Схватила лопату и с ходу стала набрасывать картошку в тележку. Вверх — вниз. Однако взмахов через десять-пятнадцать поняла, что лопата тяжелая и мои руки держать ее больше не могут. Да и спина не гнется.

А ведь сейчас мы могли сидеть в кафе, есть шашлык. Или «табака». А потом пойти на концерт. Слушать музыку. А я слушаю стук картофелин о железные стенки тележки… Распрямилась, посмотрела на Петровича. Он глядел на меня с любопытством, не курил и не плевал. Он явно ждал, когда я отброшу лопату и побегу в город. И тут я почувствовала приступ наследственного упрямства: «Нет уж! Нет и нет!» И снова вверх — вниз, вверх — вниз. Стук картофелин о стенки тележки…

Доярки стали расходиться. А у меня работа в самом разгаре. Вверх — вниз. Жаль, что Игорь не видит! Это тебе не прорабами командовать!

Последней вышла Райка.

— Ну что, идешь ко мне ночевать? — крикнула мне.

— Приду чуть позже, — ответила ей, не отрываясь от трудовой деятельности.

— Ладно, ворочай. Петрович тебе покажет, где я живу, мы с ним соседи.

Стемнело. А я бросала и бросала.

— Ну-ка, покажи ладони, — потребовал Петрович и усадил меня на блок. — Хватит. На-ка, попей молочка, — протянул мне кружку и краюху черного хлеба.

— Спасибо, — сказала, прижимая к холодной кружке свои горящие, в волдырях, ладони. Но пить не стала. Не хотелось чего-то. Хотелось спать.

— Отпей, отпей! — скомандовал Петрович.

Покорно отпила.

— Пойдем, провожу тебя к Рае. Выспись хорошенько.

— Петрович, — спросила его, когда подошли к дому, — почему ты с бригадирства ушел?

— Сыну передал. Он у меня с академией, — сказал уважительно. — Нынче без высшего образования — куда?

Раиска еще не ложилась — стирала. Я уснула, едва коснувшись приготовленной для меня раскладушки. Только попросила: «Рая, разбуди меня к утренней дойке. Пойду с тобой».

Зачем? Сама не знаю. Но что-то во мне говорило: ты не уедешь просто так. Не уедешь, и все!

Но Рая разбудила меня лишь в полдень:

— Жалко было, ты крепко спала. Да и мозоли поджить должны. Болят мозоли-то?

Еще как болели. А кроме того, ныла поясница, спина. Гудели ноги. Руки словно не свои. Все из-за Верки!
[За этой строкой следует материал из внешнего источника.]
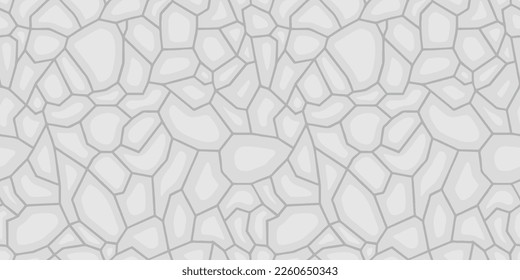 Paving stone in top view. White masonry coating cartoon style seamless pattern. White cobble stone chips texture. Wall or track tiles, walkway natural broken slate stone. Vector 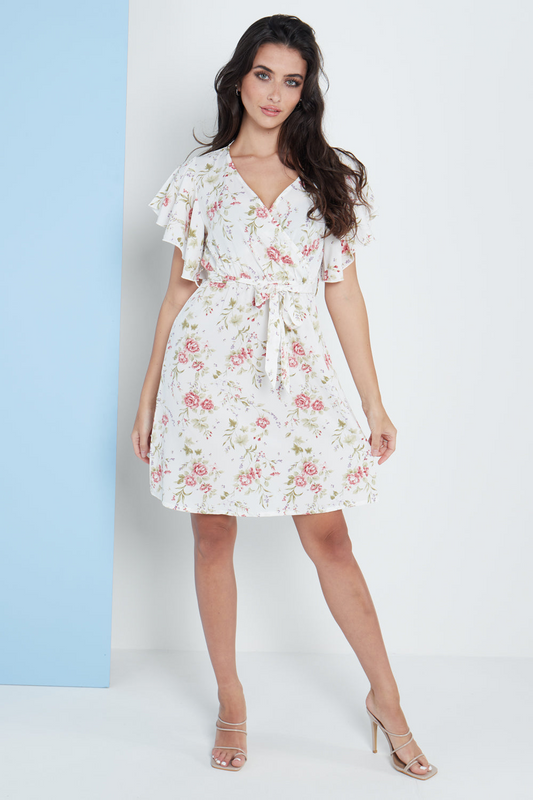 Angel Sleeves Wrap Dress In White Floral Print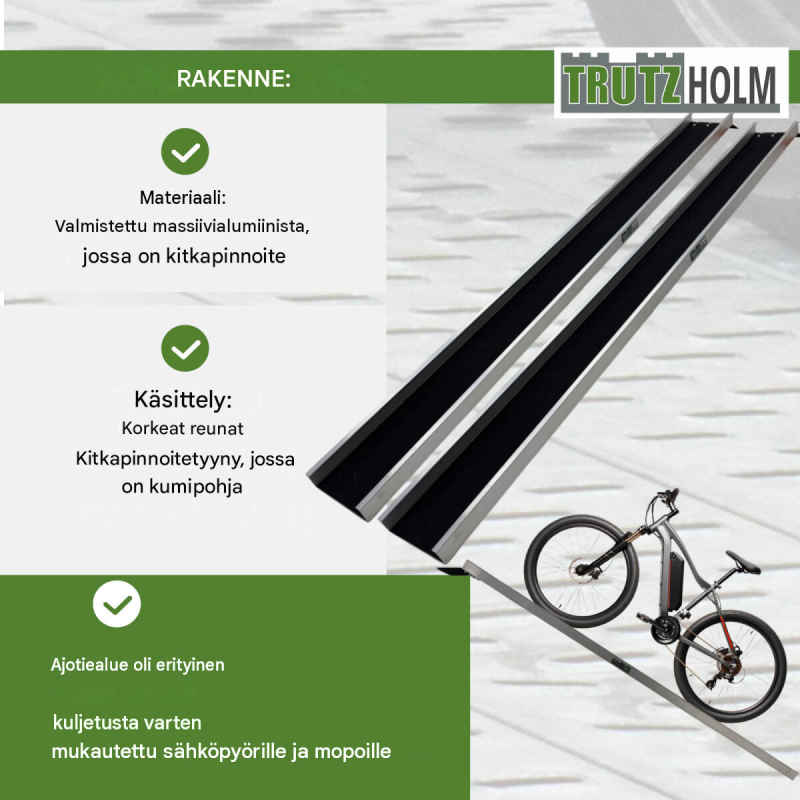 TRUTZHOLM 2 kpl ajoramppeja, 183 cm, alumiini, 100 kg, sähköpyörille ja pienille mopoille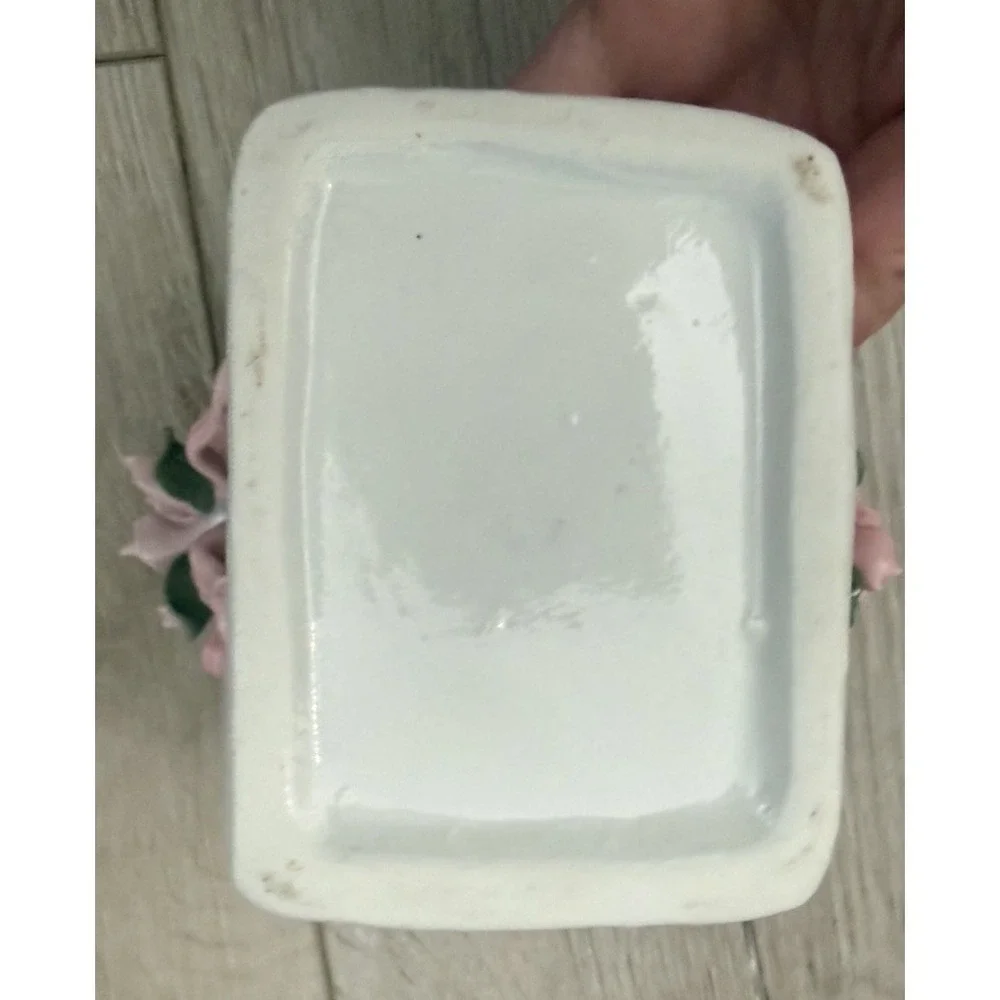 Porcelain Basket Decorative Hand Painted Flowers Miniature Candy Jewelry Trinket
А впрочем…

— Слушай, — спросила Раиска. — Ты где живешь-то?

— В городе, а что?

— Ясно. Ты — из горкома?

— Нет, из Госбанка, а что?

— Да так, у нас говорят, что ты из горкома.

— Вот глупость! — рассмеялась я. — Что за чушь!

Но Раю это не убедило:

— А я им так сказала, раз человек приехал, ходит и смотрит, значит, задание имеет. Ответственный, значит. Ой, что у нас сегодня утром творилось из-за тебя! — Рассмеялась в полный голос. — Ой что, ой что! Все начальство съехалось! Велели телят со сквозняка убрать. Брюхатых «дочек» досками огородили, — Райка перевела дух, — и даже холодильник исправили! Все враз и как по маслу! Могут же, гады!

— Холодильник? Вот здорово! Кто же его исправил?

— Бабка Степанида. Она возле него все охала-охала, потом глядит — там ремни соскочили, она всегда на другом месте их видела.

Райка побежала на кухню, загремела кастрюлями.

— Вставай, есть будем. Заработала — получай. А как же! По труду и награда! — кричала оттуда весело и зазывно.

Я вдруг почувствовала такой голод…

В кухне за большим столом сидела Раиска с двумя дочерьми. Одной — лет восемь, другой — года три. «Старшие в город укатили, — сообщила она мне. — У меня их четверо, невест-то…»

Умывальник над тазом — как у моей бабушки в саду — с прыгающей ножкой. Вода ледяная, но попросить у Раи теплой отчего-то не решилась. Умылась, села к столу.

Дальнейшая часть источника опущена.